Video installation in an archaeological museum: Camera Locus Lattara, 2014

The installation.

Each visitor is immersed in lights and sounds. As one walks around, one discovers something new. The architecture feels immaterial. Some artifacts start talking while others seem moving. Past and present are collapsing. The outside excavation site is inviting itself inside the museum.

The method.

Camera Locus is a display that transforms the experience of a space through the use of a single video projector. Setting up a Camera Locus takes precision and time within the space where it applies. It starts as a drawing practice, drawing each plan accurately. As it comes from a single point of projection it acts as a reversed perspective. The time of observing is also a time for learning. Looking and drawing engages the mind and the body. Researches bring associations that encourage experimentation and manipulation. Day after day a collection of sequences and animations accumulates. The video projection then articulates past and present, outside and inside, images and objects.

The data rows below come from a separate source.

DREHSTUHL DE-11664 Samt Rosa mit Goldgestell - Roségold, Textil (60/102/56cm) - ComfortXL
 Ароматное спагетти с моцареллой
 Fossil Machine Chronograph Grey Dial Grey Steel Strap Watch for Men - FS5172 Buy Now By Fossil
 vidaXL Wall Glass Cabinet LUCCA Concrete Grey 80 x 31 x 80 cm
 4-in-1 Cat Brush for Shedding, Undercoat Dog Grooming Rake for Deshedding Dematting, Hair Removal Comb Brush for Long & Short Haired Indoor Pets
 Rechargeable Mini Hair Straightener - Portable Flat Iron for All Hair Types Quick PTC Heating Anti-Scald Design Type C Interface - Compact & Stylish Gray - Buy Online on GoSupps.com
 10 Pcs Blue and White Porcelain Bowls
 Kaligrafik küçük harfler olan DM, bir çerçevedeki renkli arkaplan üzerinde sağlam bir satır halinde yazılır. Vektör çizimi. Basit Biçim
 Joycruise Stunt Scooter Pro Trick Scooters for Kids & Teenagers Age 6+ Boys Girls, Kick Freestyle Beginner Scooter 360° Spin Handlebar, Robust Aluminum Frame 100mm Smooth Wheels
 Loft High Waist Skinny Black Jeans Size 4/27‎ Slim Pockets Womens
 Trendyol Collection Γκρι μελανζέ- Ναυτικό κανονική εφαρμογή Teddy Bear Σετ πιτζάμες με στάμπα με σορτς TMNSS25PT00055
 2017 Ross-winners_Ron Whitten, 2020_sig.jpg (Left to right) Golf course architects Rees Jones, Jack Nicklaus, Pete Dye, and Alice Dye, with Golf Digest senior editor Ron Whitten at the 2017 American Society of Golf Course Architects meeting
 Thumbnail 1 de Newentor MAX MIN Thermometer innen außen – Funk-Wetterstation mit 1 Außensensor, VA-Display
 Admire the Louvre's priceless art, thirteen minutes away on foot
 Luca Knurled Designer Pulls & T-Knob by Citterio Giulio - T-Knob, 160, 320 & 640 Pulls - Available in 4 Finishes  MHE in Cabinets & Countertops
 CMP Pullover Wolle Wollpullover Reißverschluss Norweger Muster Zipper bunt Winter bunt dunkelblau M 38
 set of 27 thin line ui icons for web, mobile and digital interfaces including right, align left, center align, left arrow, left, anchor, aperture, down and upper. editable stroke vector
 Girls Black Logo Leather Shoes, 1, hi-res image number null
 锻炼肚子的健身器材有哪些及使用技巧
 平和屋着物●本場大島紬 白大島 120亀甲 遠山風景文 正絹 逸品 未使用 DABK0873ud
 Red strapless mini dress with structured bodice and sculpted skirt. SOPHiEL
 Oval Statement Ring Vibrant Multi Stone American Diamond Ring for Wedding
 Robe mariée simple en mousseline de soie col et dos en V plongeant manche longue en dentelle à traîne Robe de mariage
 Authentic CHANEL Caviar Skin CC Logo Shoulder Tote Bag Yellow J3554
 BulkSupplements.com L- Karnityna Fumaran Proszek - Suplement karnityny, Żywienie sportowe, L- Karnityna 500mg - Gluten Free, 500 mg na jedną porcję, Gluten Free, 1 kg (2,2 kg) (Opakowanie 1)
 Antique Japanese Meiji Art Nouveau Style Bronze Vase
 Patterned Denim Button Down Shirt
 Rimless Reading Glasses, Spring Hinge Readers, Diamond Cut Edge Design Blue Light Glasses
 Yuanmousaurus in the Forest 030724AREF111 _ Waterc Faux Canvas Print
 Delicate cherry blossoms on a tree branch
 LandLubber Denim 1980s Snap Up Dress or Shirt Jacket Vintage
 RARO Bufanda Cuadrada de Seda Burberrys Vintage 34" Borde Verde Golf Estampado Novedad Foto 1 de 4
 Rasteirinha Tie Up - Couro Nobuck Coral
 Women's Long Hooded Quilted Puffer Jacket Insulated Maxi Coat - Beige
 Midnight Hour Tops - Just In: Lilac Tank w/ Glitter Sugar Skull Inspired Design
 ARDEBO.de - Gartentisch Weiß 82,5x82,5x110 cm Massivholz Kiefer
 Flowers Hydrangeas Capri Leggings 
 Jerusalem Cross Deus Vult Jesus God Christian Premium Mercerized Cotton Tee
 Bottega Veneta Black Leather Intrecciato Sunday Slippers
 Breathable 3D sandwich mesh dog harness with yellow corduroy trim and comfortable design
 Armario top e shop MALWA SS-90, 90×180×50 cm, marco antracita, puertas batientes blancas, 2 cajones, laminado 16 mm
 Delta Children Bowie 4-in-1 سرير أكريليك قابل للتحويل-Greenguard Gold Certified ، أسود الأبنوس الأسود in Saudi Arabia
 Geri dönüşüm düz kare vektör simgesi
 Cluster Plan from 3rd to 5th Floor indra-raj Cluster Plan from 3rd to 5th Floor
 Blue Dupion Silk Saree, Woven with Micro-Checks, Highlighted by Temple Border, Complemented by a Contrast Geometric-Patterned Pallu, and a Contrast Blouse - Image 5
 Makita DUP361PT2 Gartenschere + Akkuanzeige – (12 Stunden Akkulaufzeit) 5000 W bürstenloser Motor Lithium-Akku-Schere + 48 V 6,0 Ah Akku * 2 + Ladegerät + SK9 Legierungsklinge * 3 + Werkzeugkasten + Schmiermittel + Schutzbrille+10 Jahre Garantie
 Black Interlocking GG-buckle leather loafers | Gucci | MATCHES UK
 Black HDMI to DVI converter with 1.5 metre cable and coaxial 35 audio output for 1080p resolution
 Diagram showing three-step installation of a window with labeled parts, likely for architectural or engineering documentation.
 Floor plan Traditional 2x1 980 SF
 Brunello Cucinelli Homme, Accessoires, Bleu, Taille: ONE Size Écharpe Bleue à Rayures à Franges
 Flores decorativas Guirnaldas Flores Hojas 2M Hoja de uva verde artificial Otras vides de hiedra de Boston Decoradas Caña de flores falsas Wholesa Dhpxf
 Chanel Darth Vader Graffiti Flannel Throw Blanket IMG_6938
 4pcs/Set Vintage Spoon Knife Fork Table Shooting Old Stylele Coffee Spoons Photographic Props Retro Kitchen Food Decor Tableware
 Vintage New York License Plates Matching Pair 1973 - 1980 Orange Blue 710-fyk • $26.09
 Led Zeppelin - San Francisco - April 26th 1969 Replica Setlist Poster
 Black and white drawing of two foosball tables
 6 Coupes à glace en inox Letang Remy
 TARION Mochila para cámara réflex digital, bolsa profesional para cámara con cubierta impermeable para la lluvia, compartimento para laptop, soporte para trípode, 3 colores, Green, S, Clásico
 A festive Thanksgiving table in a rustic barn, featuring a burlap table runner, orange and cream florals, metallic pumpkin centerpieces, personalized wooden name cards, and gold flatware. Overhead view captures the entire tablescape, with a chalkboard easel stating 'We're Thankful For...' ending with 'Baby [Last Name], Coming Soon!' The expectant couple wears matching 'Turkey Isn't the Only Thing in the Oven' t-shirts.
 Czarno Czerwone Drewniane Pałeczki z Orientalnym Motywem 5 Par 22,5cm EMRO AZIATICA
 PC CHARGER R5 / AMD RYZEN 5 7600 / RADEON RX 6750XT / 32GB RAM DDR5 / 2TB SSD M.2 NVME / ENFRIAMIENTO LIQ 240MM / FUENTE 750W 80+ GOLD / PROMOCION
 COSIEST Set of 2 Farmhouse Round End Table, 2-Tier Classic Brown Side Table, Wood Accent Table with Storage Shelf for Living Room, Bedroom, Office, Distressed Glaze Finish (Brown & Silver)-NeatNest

As the visitor walks around, he creates links which stimulate new ideas.

The history.

The museum collections are ranging from the Neolithic period to the Middle Ages. Lattara was the name of an antic port city built by Etruscan. In 1963, Henri Prades discovered the site for the first time. Then, the museum finally opened its door in 1986. The museum takes place in what was once the house of Frederic Bazille. He was a painter, friend of the impressionists. The architect Joseph Massota extended the house into its actual form.

Archaeology and contemporary art.

Under the impulsion of Isabelle Grasset, the museum has been inviting artists since 2007. Each year, the museum become the theater of a new dialogue.